13. Cookies and analytics
We use:
- Essential cookies for authentication, security, and site functionality (e.g., session token, CSRF token). These cannot be disabled.
- Analytics cookies (PostHog) to understand product usage and improve the Service.
- Error monitoring (Sentry) to detect and diagnose application errors.
For visitors in the EU, UK, or EEA, non-essential cookies are not loaded until you accept them via our cookie banner. For California residents, you can opt out of any "sale" or "sharing" by using the link in our footer. See our Cookie Preferences page at voicelabnyc.com/cookie-preferences for full details and to manage your choices.
14. Children
The Service is not directed to anyone under 13 (or under 16 in the EEA/UK). We do not knowingly collect information from anyone under those ages. If you become aware that a child has provided personal information through the Service, email privacy@voicelabnyc.com and we will delete it.

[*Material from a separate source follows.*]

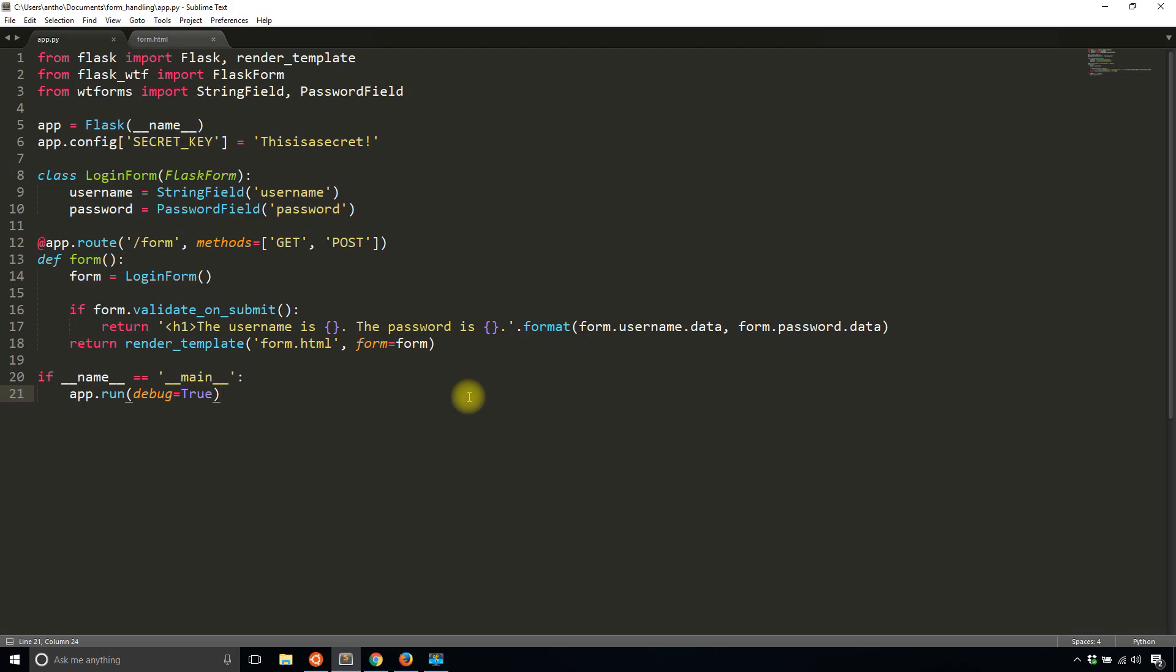Hey everyone, it's Anthony from PrettyPrinting here. In today's video I'll be continuing to talk about Flask WTF and in particular I'll be talking about how to validate forms.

15. Changes to this policy
We may update this Privacy Policy from time to time. The "Effective" date at the top reflects the latest update. Material changes are notified to Customers at least 30 days in advance via email and a prominent notice on the Service. Continued use of the Service after the effective date constitutes acceptance of the updated policy.
Each prior version of this policy remains accessible at voicelabnyc.com/privacy/v[X.Y].
16. Security
We use encryption in transit (TLS 1.3) and at rest (AES-256), tenant isolation via Postgres row-level security, role-based access controls, and audit logging. We perform periodic vendor reviews. Despite these measures, no system is perfectly secure. In the event of a data breach affecting your personal information, we will notify affected individuals and applicable regulators within the timeframes required by law.
Report a vulnerability: security@voicelabnyc.com.
Contact
Modern Approach USA LLC (written request to legal@voicelabnyc.com)
privacy@voicelabnyc.com
[ATTORNEY REVIEW REQUIRED] — full document. This draft is intended as a starting point for review by New York–licensed privacy counsel (and, ideally, EU-qualified counsel for the GDPR sections) before publication.